> What to do: Given the records below, would you repeat exactly the lines that begin at the one containing "Sushila Vintage Handmade" and end at the one containing "Edikted Women's Sepede", inclusive?

(Available data Opens)

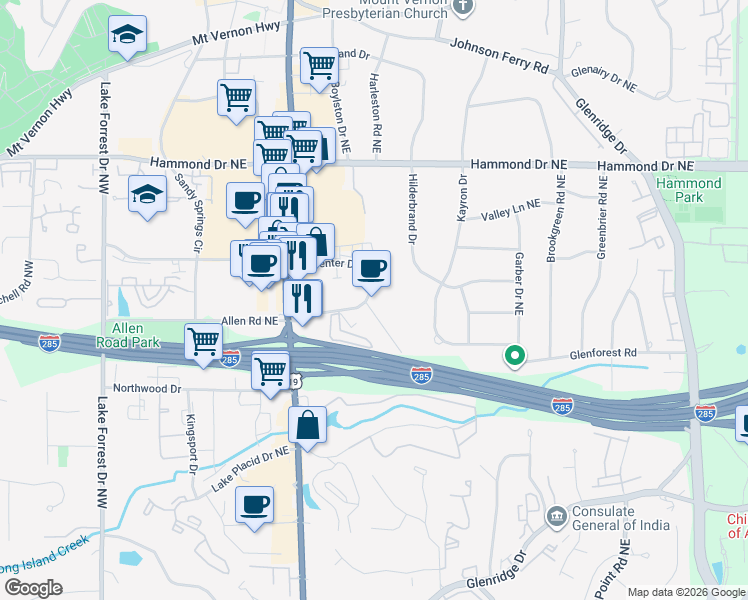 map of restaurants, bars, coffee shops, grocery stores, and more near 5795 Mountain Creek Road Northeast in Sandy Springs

(Available data Closes)
(Available data Opens)

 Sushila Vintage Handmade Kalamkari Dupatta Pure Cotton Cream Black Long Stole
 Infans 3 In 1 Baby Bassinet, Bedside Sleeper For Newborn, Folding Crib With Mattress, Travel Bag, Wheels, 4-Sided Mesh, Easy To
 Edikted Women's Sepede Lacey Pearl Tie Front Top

(Available data Closes)

> Exercise output:
 Sushila Vintage Handmade Kalamkari Dupatta Pure Cotton Cream Black Long Stole
 Infans 3 In 1 Baby Bassinet, Bedside Sleeper For Newborn, Folding Crib With Mattress, Travel Bag, Wheels, 4-Sided Mesh, Easy To
 Edikted Women's Sepede Lacey Pearl Tie Front Top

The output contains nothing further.